Related
Unix noob here again. I'm writing a script for a Unix class I'm taking online, and it is supposed to handle a csv file while excluding some info and tallying other info, then print a report when finished. I've managed to write something (with help) but am having to debug it on my own, and it's not going well.
After sorting out my syntax errors, the script runs, however all it does is print the header before the loop at the end, and one single value of zero under "Gross Sales", where it doesn't belong.
My script thus far:
I am open to any and all suggestions. However, I should mention again, I don't know what I'm doing, so you may have to explain a bit.
#!/bin/bash
grep -v '^C' online_retail.csv \
| awk -F\\t '!($2=="POST" || $8=="Australia")' \
| awk -F\\t '!($2=="D" || $3=="Discount")' \
| awk -F\\t '{(country[$8] += $4*$6) && (($6 < 2) ? quantity[$8] += $4 : quantity[$8] += 0)} \
END{print "County\t\tGross Sales\t\tItems Under $2.00\n \
-----------------------------------------------------------"; \
for (i in country) print i,"\t\t",country[i],"\t\t", quantity[i]}'
THE ASSIGNMENT Summary:
Using only awk and sed (or grep for the clean-up portion) write a script that prepares the following reports on the above retail dataset.

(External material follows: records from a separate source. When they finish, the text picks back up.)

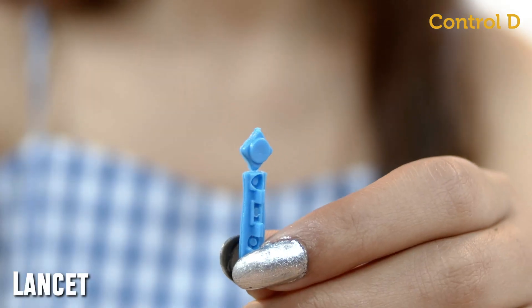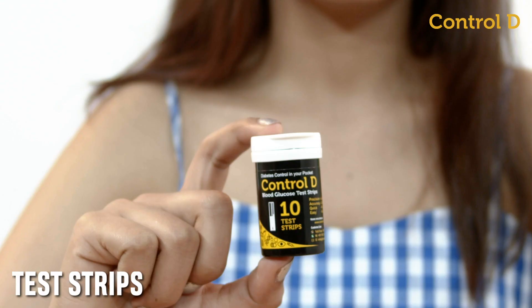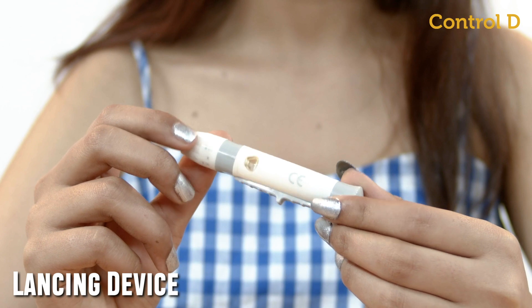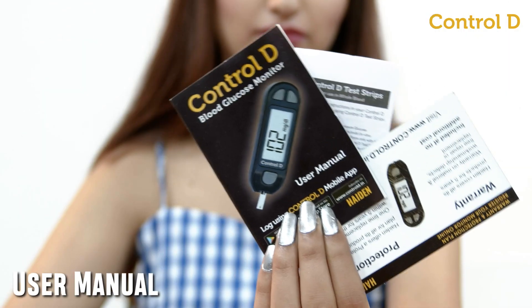Control D Glucometer Kit consists of lancets, test strips, battery, lancing device, glucometer, and user manual.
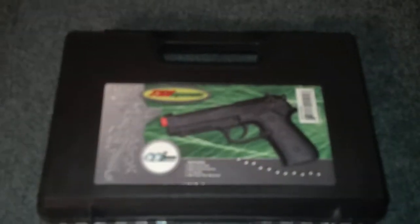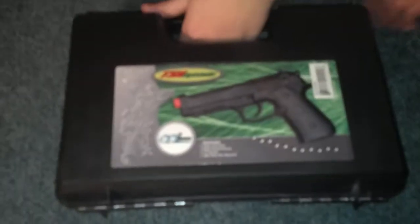Today I will be doing the review on the TSDCO2M9 that I got off of Amazon for $38. It is protected by foam in the case — you just lift up the foam and you'll find the manual under one of the foam sides.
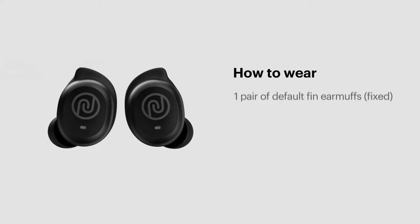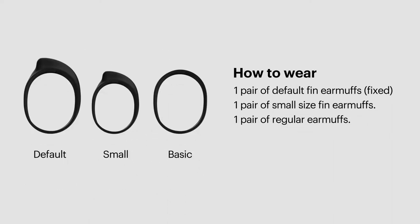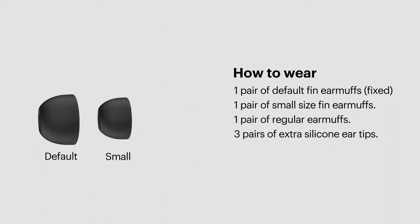How to wear Schatz Neo 2. Schatz Neo 2 comes with default fin earmuffs along with extra earmuffs for added comfort. They also have three pairs of silicone ear tips. Choosing the right sized earmuffs and ear tips can make your music listening experience even better.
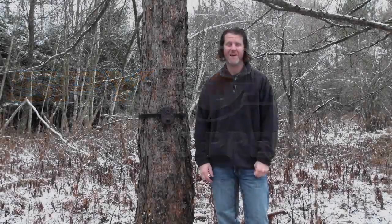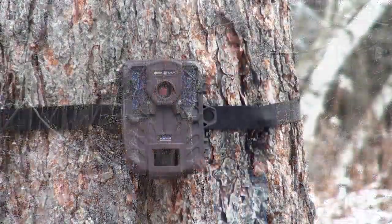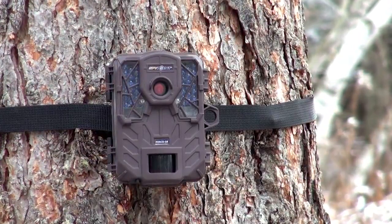I'm Brad Ganaway with SpyPoint and this is the new Force 10. The new Force 10 is small, compact, and easy to use. With 42 super low-glow LEDs, you're gonna get great images and it won't spook game.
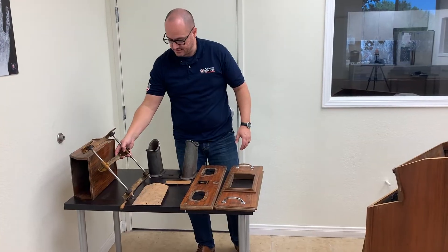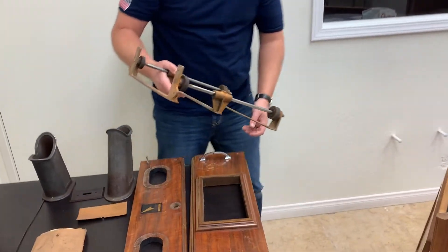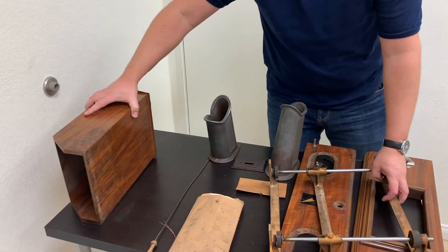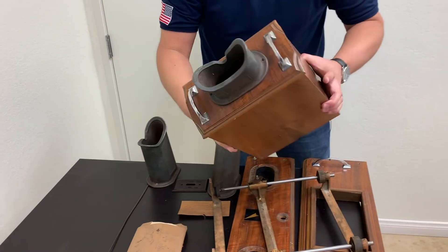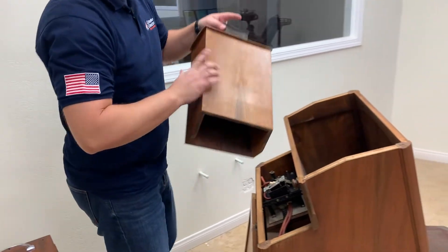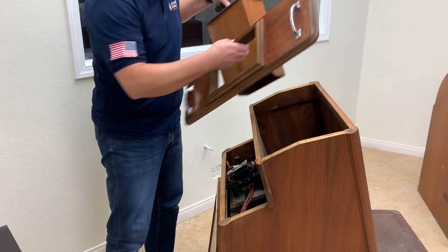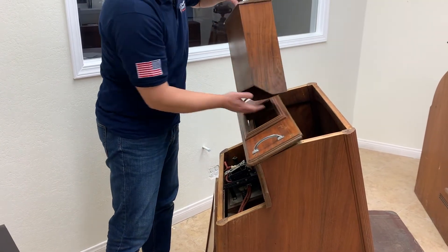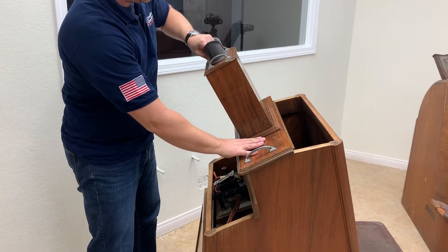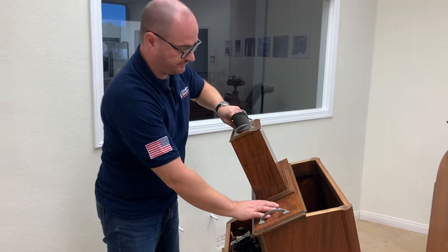Look at this — this is the mechanism that is attached to the visor that allows the shoe salesman to look at the live x-ray using this visor. This was placed here, and you can move this up and down to adjust to the height of the salesman.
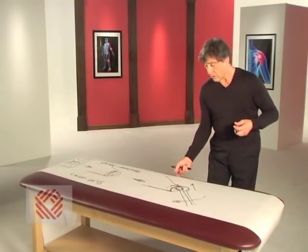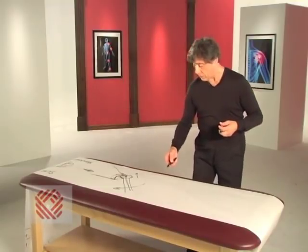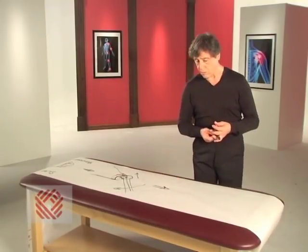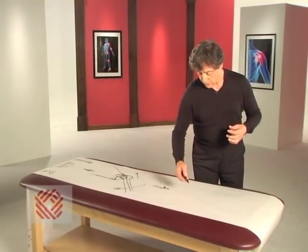Now, let's talk a little bit on how we would repair surgically this Bankart lesion. This is an arthroscopic procedure.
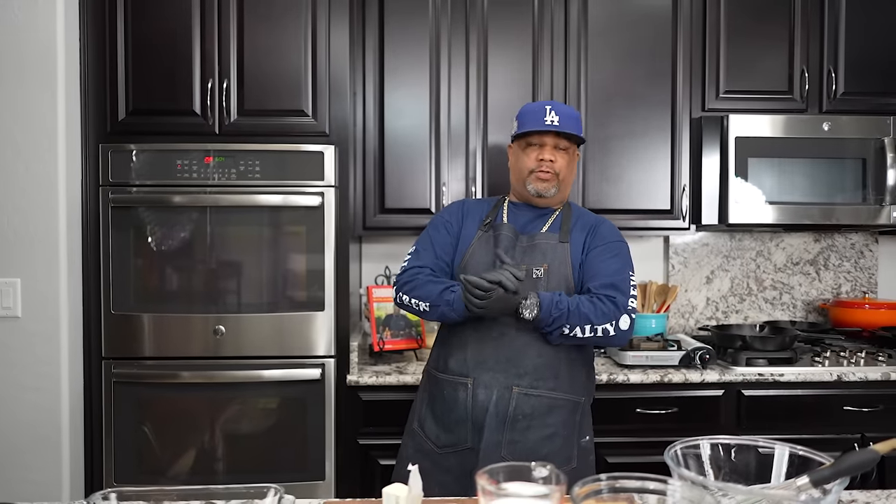Okay folks, listen — don't skip through this part. I see you guys skipping past this and then asking me later. What we're getting ready to make is a buttermilk honey cornbread.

First, do some data "clean up" -- you can use awk, sed and/or grep for these:
Invoice numbers with a 'C' at the beginning are cancellations. These are just noise -- all lines like this should be deleted.
Any items with a StockCode of "POST" should be deleted.
Your Australian site has been producing some bad data. Delete lines where the "Country" is set to "Australia".
Delete any rows labeled 'Discount' in the Description (or have a 'D' in the StockCode field). Note: if you already completed steps 1-3 above, you've probably already deleted these lines, but double-check here just in case.
Then, print a summary report for each region in a formatted table. Use awk for this part. The table should include:
Gross sales for each region (printed in any order). The regions in the file, less Australia, are below. To calculate gross sales, multiply the UnitPrice times the Quantity for each row, and keep a running total.
France
United Kingdom
Netherlands
Germany
Norway
Items under $2.00 are expected to be a big thing this holiday season, so include a total count of those items per region.
Use field widths so the columns are aligned in the output.
The output table should look like this, although the data will produce different results. You can format the table any way you choose but it should be in a readable table with aligned columns. Like so:
Country Gross Sales Items Under $2.00
---------------------------------------------------------
France 801.86 12
Netherlands 177.60 1
United Kingdom 23144.4 488
Germany 243.48 11
Norway 1919.14 56
A small sample of the csv file:
InvoiceNo,StockCode,Description,Quantity,InvoiceDate,UnitPrice,CustomerID,Country
536388,22469,HEART OF WICKER SMALL,12,12/1/2010 9:59,1.65,16250,United Kingdom
536388,22242,5 HOOK HANGER MAGIC TOADSTOOL,12,12/1/2010 9:59,1.65,16250,United Kingdom
C536379,D,Discount,-1,12/1/2010 9:41,27.5,14527,United Kingdom
536389,22941,CHRISTMAS LIGHTS 10 REINDEER,6,12/1/2010 10:03,8.5,12431,Australia
536527,22809,SET OF 6 T-LIGHTS SANTA,6,12/1/2010 13:04,2.95,12662,Germany
536527,84347,ROTATING SILVER ANGELS T-LIGHT HLDR,6,12/1/2010 13:04,2.55,12662,Germany
536532,22962,JAM JAR WITH PINK LID,12,12/1/2010 13:24,0.85,12433,Norway
536532,22961,JAM MAKING SET PRINTED,24,12/1/2010 13:24,1.45,12433,Norway
536532,84375,SET OF 20 KIDS COOKIE CUTTERS,24,12/1/2010 13:24,2.1,12433,Norway
536403,POST,POSTAGE,1,12/1/2010 11:27,15,12791,Netherlands
536378,84997C,BLUE 3 PIECE POLKADOT CUTLERY SET,6,12/1/2010 9:37,3.75,14688,United Kingdom
536378,21094,SET/6 RED SPOTTY PAPER PLATES,12,12/1/2010 9:37,0.85,14688,United Kingdom
Seriously, Thank you to whoever can help. You all are amazing!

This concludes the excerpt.